The St. Pete Times has an article on soldiers who have suffered traumatic brain injuries (TBI) in Iraq or Afghanistan. We often focus on the number of people killed in a war, and give the injured just passing thought -- as if they have a cold and will get over it. However, thousands of soldiers will suffer the consequences for the rest of their lives.

As a country, it is our duty help these soldiers. It won't be cheap. From the article: "Next month, a $65 million medical center devoted to TBI, post-traumatic stress disorder and other psychological problems will open its doors at Bethesda; it will eventually treat about 20 patients."

A couple of years ago, Joseph Stiglitz estimated that the cost of the wars in Iraq and Afghanistan will eventually reach $3 trillion, partially because of the long-term costs of providing for veterans.
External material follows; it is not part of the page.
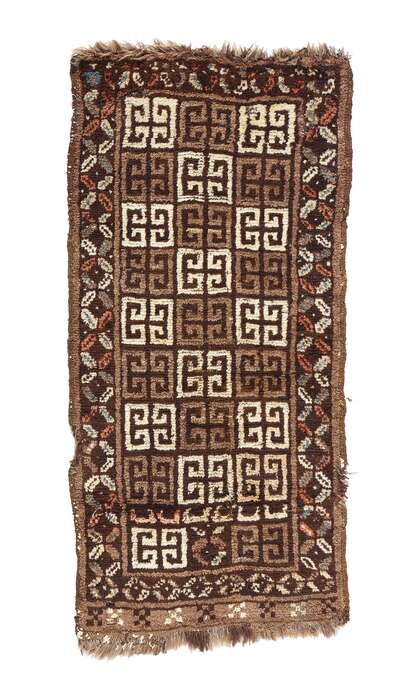 1 x 3 Vintage Persian Lori Rug 78901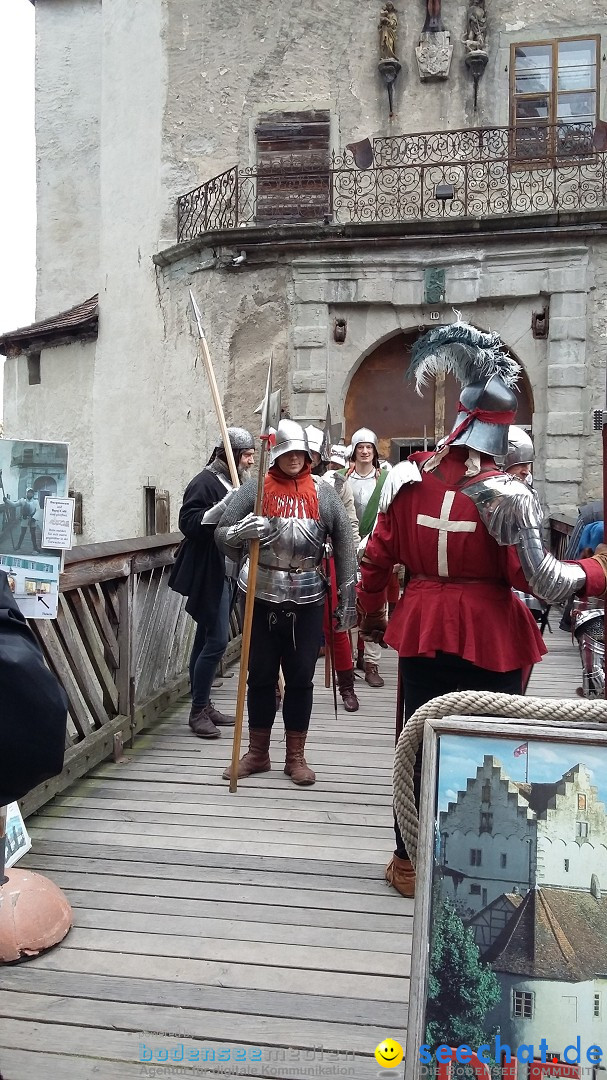 Historischen Markttreiben zu Meersburg: Meersburg am Bodensee, 10.10.2015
According to Stiglitz, spending on World War II vets peaked in 1993, 48 years after the war ended.

Which brings up a point raised by Bruce Bartlett in a Forbes article from a February: The U.S. budget deficit won't be eliminated by just cutting earmarks, pork, and foreign aid. We have made a lot of promises to a lot of people -- future retirees, purchasers of Treasuries, veterans -- that will be difficult to break. In the case of these wounded veterans, of course, we shouldn't.

Robert Brokamp, CFP®, is the senior advisor for the Fool's Rule Your Retirement service.

7 Comments – Post Your Own

#1) On October 04, 2010 at 4:49 PM, tfirst (36.37) wrote:

If our military is such an honorable institution, why are 25% of the homeless people veterans?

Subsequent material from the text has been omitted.